Chez Olga de Soto, l’ondulation des hanches vient d’une intention imperceptible. Le mouvement ne peut surgir tout à coup. Il doit d’abord trouver son centre, puis prendre de l’ampleur. Pascale Gigon au premier plan et Olga de Soto au second adressent aux partenaires que nous sommes une invitation directe et sans équivoque : le regard investi et la tête immobile installent dans nos corps une respiration silencieuse.
L’une, Pascale, les yeux doux-brillants et le visage diaphane, beau comme les personnages de Botticelli, surprend par une énergie rapide comme l’éclair. L’autre, Olga, le regard empreint d’une fougueuse détermination, contient une énergie éminemment sensuelle. L’une et l’autre dansent en accord parfait, et pourtant de façon très personnelle. Lorsque le bassin entraîne les bras et les jambes, puis les yeux, la tête et les cheveux, Pascale Gigon met de l’accent là où Olga de Soto retient de manière subtile le mouvement qui ne demande qu’à grandir. L’espace du geste devient inventif. Les « énergies » sont précises, les doigts incisifs. Les pieds plantés dans le sol, les deux danseuses « travaillent » sur des directions spatiales dans tous les sens du corps.
Costumes noirs et sobres pour ne rien oublier de la beauté du corps, le deuxième duo est construit sur une architecture complexe. Les forces sont en opposition sur l’axe de gravité qui devrait normalement maintenir le corps, debout sur ses deux pieds. Ici l’on joue sur les contraires : suspension d’une jambe, appui sur l’autre, bras dirigé vers le bas. Les doigts qui effleurent le sol avec précision inversent le sens du poids. La gestuelle entre alors dans l’ordre de l’imaginaire. Le corps surpris dans des lachés que l’on attend dans les membres, libère ses tensions dans le souffle où le mouvement a trouvé naissance.
Ce mouvement répété à l’infini est la résurgence que la terre libère de ses entrailles. Le centre inaccessible du rocher se prolonge dans l’eau qui jaillit. De la même façon, les danseuses répètent le mouvement ; l’une développant l’intention que l’autre a initiée avant elle.

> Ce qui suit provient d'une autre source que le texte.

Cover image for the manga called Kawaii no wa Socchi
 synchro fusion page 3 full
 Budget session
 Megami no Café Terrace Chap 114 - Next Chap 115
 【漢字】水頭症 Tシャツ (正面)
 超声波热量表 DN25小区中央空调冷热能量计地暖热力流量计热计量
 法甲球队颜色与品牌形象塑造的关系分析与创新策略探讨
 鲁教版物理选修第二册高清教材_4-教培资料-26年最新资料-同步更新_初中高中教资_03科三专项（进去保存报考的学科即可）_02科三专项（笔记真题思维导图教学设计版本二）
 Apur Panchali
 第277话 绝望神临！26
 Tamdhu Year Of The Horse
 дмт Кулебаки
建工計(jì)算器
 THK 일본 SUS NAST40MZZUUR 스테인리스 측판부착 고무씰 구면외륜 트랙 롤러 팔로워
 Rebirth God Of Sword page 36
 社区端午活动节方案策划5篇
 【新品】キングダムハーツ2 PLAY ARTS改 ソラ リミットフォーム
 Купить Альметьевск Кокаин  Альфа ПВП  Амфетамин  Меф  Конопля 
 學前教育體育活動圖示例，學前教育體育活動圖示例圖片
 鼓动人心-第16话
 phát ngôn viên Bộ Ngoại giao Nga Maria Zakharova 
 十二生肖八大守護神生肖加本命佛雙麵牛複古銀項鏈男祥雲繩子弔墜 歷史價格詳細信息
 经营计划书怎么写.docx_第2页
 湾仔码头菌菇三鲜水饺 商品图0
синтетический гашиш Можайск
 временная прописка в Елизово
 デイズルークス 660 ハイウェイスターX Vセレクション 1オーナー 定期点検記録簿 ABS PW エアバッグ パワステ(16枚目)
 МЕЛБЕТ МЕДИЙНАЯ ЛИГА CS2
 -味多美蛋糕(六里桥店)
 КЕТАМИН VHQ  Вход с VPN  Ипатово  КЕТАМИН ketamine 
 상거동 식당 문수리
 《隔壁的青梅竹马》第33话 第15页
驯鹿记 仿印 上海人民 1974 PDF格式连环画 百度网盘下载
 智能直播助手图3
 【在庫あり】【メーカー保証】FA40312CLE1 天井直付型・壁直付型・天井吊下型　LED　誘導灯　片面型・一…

Et la musique joue dans ce troisième duo un rôle primordial pour appuyer la fulgurance du geste, jeté dans l’espace comme le trait que le peintre lance sur la toile. On ne sait d’où vient le trait. On ne sait pourquoi il commence ici et pourquoi il s’arrête là. Pour autant le geste est précis et suspendu à une force indicible qui met le corps en attente de la pensée. Ce qui en résulte n’appartient désormais ni au peintre ni au danseur. La danse met en relation étroite le corps avec le temps et l’espace qui l’ont fait naître. Et naissent avec lui les développements de l’imaginaire qui lui sont dignes. Les lignes de lumière que le corps trace dans l’espace sont des chemins de mystère dans lesquels on entre et sort. Des limites extrêmes traversées depuis des lieux inhabités. Là où le corps devient un fluide dessiné dans un frémissement silencieux.
A 28 ans, Olga de Soto invente son langage. En venant jouer dans la cour des grands, elle affirme aujourd’hui que la danse contemporaine n’a pas fini de nous surprendre.